Os hospitais envolvidos contrataram enfermeiras temporárias para preencher e preencher as vagas de emprego durante a paralisação e disseram durante as negociações que “fariam tudo o que fosse necessário para minimizar as interrupções”. Montefiore divulgou mensagem garantindo aos pacientes que as consultas serão mantidas.
“Os líderes da NYSNA continuam com suas demandas imprudentes de US$ 3,6 bilhões, incluindo um aumento salarial de quase 40%, e suas propostas controversas, como a exigência de que uma enfermeira não seja demitida se for descoberta que está sob efeito de drogas ou álcool durante o trabalho”, disse o porta-voz de Montefiore, Joe Solmonis, na segunda-feira, após o início da greve. “Continuamos firmes em nosso compromisso de fornecer atendimento seguro e ininterrupto, independentemente de quanto tempo durar a greve”.
A União Presbiteriana de Nova Iorque acusou a greve de “criar perturbações”, mas disse num comunicado que tomou medidas para garantir que os pacientes recebessem o que precisavam.
“Estamos preparados para continuar a negociar um contrato justo e razoável que reflita o nosso respeito pelos nossos enfermeiros e pelo seu importante papel, e também reconheça as realidades desafiadoras do ambiente atual de cuidados de saúde”, afirmou o comunicado.
As paralisações acontecem em vários hospitais ao mesmo tempo, mas cada centro médico negocia com o sindicato de forma independente. Vários outros hospitais dentro e ao redor da cidade fecharam acordos nos últimos dias para evitar uma possível greve.
As demandas dos enfermeiros variam de acordo com o hospital, mas questões importantes incluem os níveis de pessoal e a segurança no local de trabalho. O sindicato diz que os hospitais deram cargas de trabalho irregulares aos enfermeiros.
Os enfermeiros também pedem melhores medidas de segurança no local de trabalho, citando incidentes como o da semana passada, quando um homem se trancou num quarto de hospital no Brooklyn e foi morto pela polícia.
O sindicato também quer restrições ao uso de inteligência artificial pelos hospitais.
Os hospitais sem fins lucrativos envolvidos nas negociações dizem que estão a trabalhar para melhorar os níveis de pessoal, mas dizem que as exigências do sindicato são demasiado caras em geral.
As enfermeiras autorizaram a greve no mês passado.
Tanto a governadora de Nova Iorque, Kathy Hochul, como o presidente da Câmara, Zahran Mamdani, expressaram preocupação com a possibilidade de uma greve. À medida que o prazo da greve se aproximava, Mamdani instou ambos os lados a continuarem a negociar e a chegarem a um acordo que “respeite os nossos enfermeiros e mantenha os nossos hospitais abertos”.
“As nossas enfermeiras mantiveram esta cidade viva em tempos difíceis. O seu valor não é negociável”, disse Mamdani.

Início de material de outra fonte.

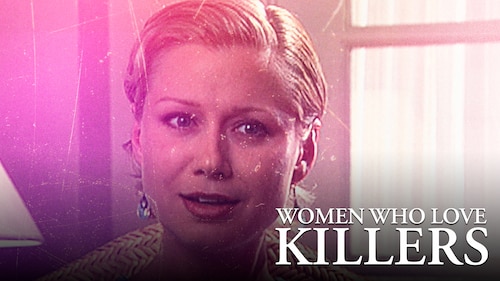 Watch Women Who Love Killers (HBO) | Max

A procuradora-geral do estado, Letitia James, expressou apoio semelhante, dizendo: “Os enfermeiros colocam suas vidas em risco todos os dias para manter os nova-iorquinos saudáveis. Eles nunca deveriam ser forçados a escolher entre sua segurança, o bem-estar de seus pacientes e um contrato justo.”
A última grande greve de enfermagem na cidade ocorreu há apenas três anos, em 2023. A paralisação do trabalho, no Monte Sinai e Montefiore, foi breve, durando três dias. Isso resultou em um aumento salarial de 19% em três anos nesses hospitais.
Também levou a melhorias nas promessas dos funcionários, embora o sindicato e os hospitais discordem agora sobre o progresso alcançado ou se os hospitais estão a recuar nas garantias dos funcionários.